* PROBLEM STATEMENT *
For this exercise, please return exactly the line containing "Sneakers Owen mit Leder | The Row" and each line after it through the end of the records, with no pictures included.

(ENTRIES PROVIDED begins)

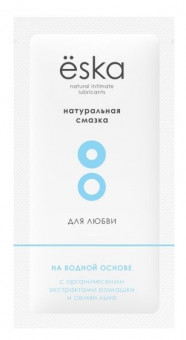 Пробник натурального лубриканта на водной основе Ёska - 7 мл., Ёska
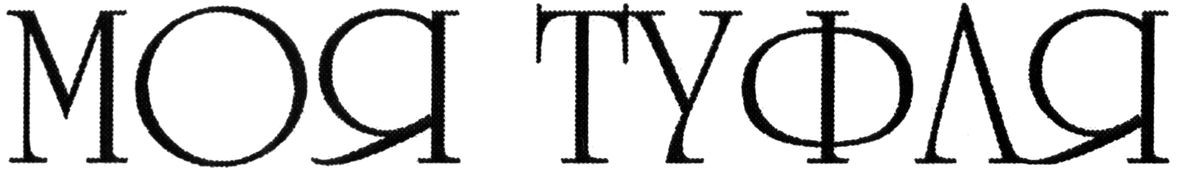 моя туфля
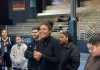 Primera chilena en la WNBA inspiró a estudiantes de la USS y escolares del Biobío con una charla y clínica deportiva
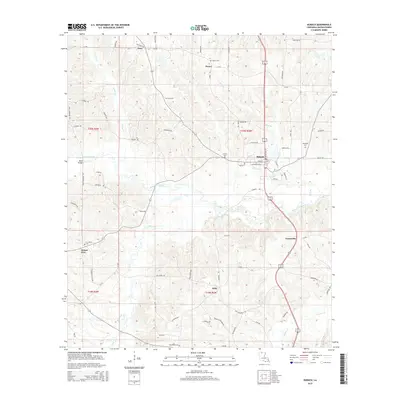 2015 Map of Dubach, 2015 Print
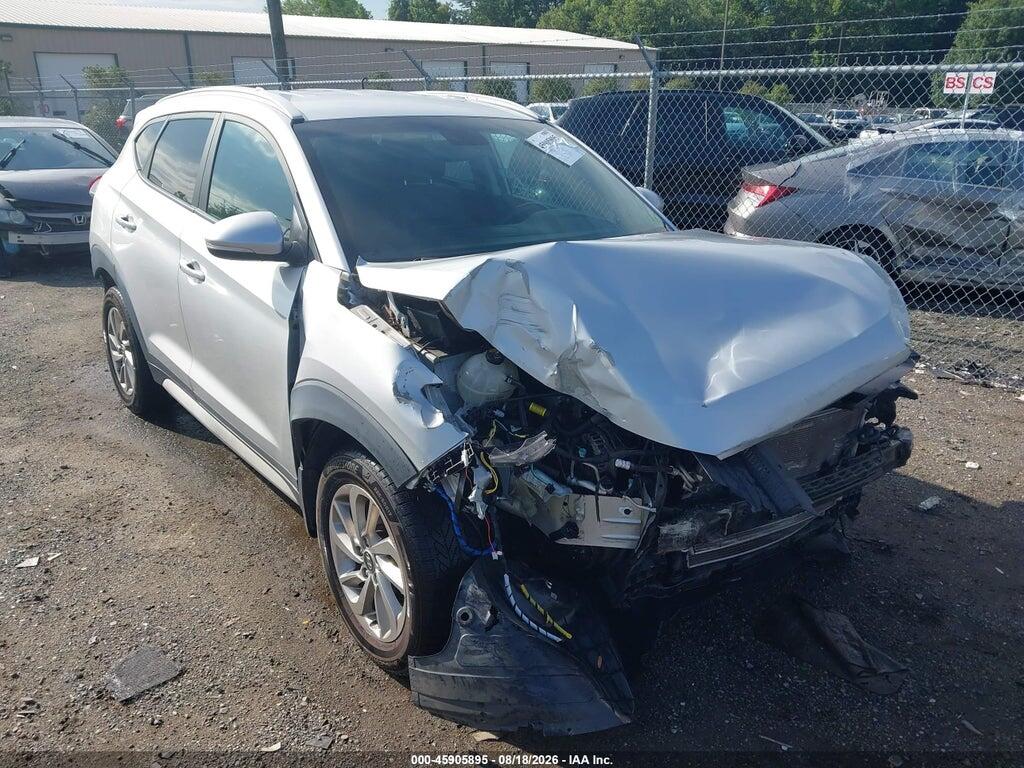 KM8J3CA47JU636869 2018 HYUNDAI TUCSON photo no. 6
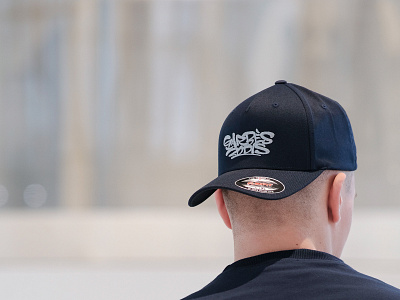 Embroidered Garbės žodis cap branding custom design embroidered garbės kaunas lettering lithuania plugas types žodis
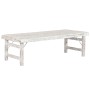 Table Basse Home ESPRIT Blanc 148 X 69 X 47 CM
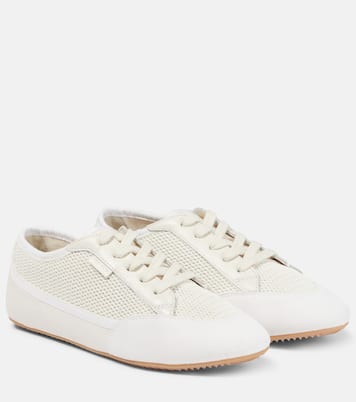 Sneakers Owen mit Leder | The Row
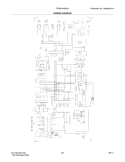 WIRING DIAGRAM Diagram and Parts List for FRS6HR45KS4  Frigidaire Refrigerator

(ENTRIES PROVIDED ends)

* TASK RESPONSE *
 Sneakers Owen mit Leder | The Row
 WIRING DIAGRAM Diagram and Parts List for FRS6HR45KS4  Frigidaire Refrigerator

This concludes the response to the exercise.